Task details — Every record needs to come back as written, except for the pictures.

——————

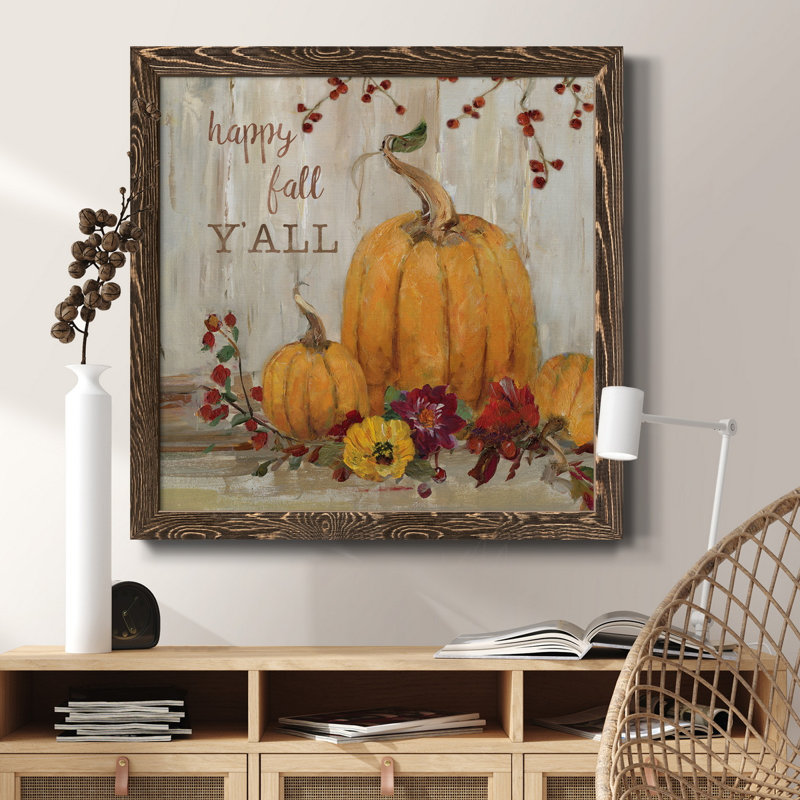 Autumn Dinner - cadre photo, art textuel sur toile, H 20 po x l 20 po x P 1,5 po, Noyer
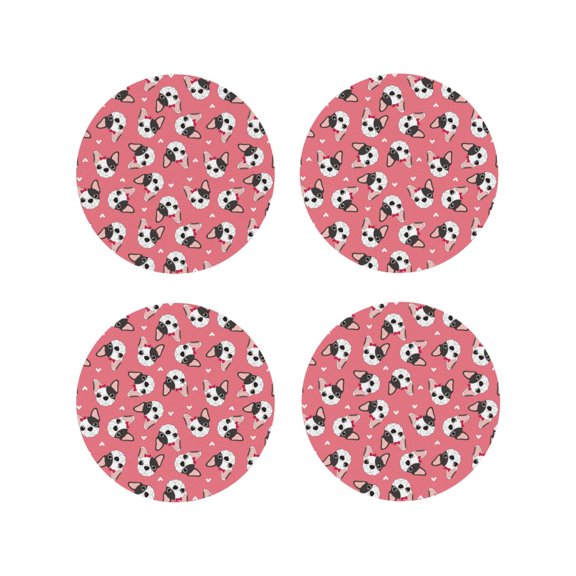 Fuzoiu French Bulldog Face Print Leather Coasters Set,Drink Coasters Set of 4,for Tabletop Protection, Durable PVC Coasters,Home Décor and Housewarming Gift-Round Shape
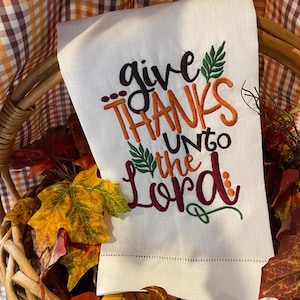 Give Thanks Tea Towel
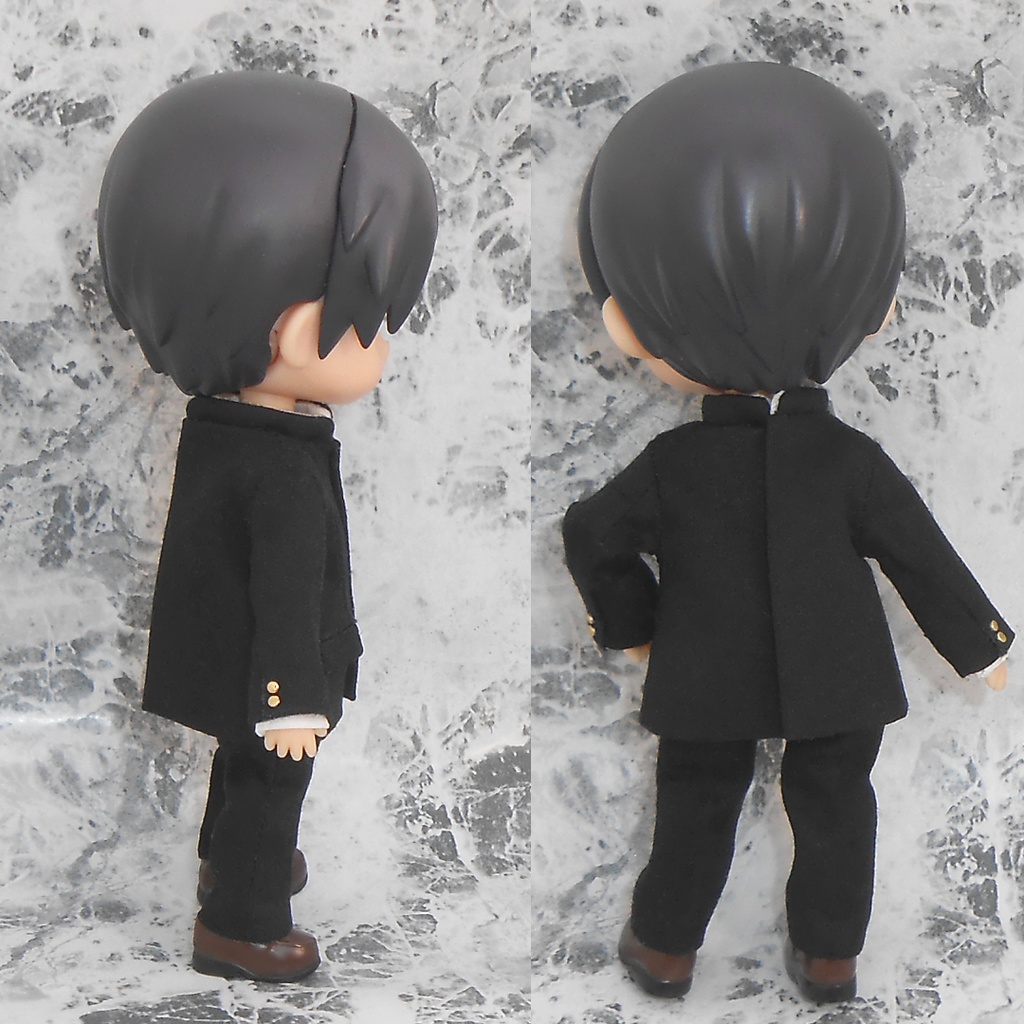 ねんどろいどどーる用 前閉じ&後閉じ 学ランセット 黒 白 2種 ハンドメイド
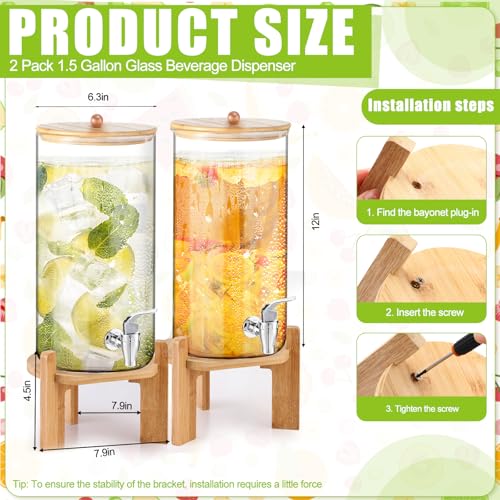 FillTouch 2 Pack 1.5 Gallon Glass Drink Dispensers for Valentine's Party, Beverage Dispensers with Stand, Spigot and Bambo...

——————

Exercise answer —
 Autumn Dinner - cadre photo, art textuel sur toile, H 20 po x l 20 po x P 1,5 po, Noyer
 Fuzoiu French Bulldog Face Print Leather Coasters Set,Drink Coasters Set of 4,for Tabletop Protection, Durable PVC Coasters,Home Décor and Housewarming Gift-Round Shape
 Give Thanks Tea Towel
 ねんどろいどどーる用 前閉じ&後閉じ 学ランセット 黒 白 2種 ハンドメイド
 FillTouch 2 Pack 1.5 Gallon Glass Drink Dispensers for Valentine's Party, Beverage Dispensers with Stand, Spigot and Bambo...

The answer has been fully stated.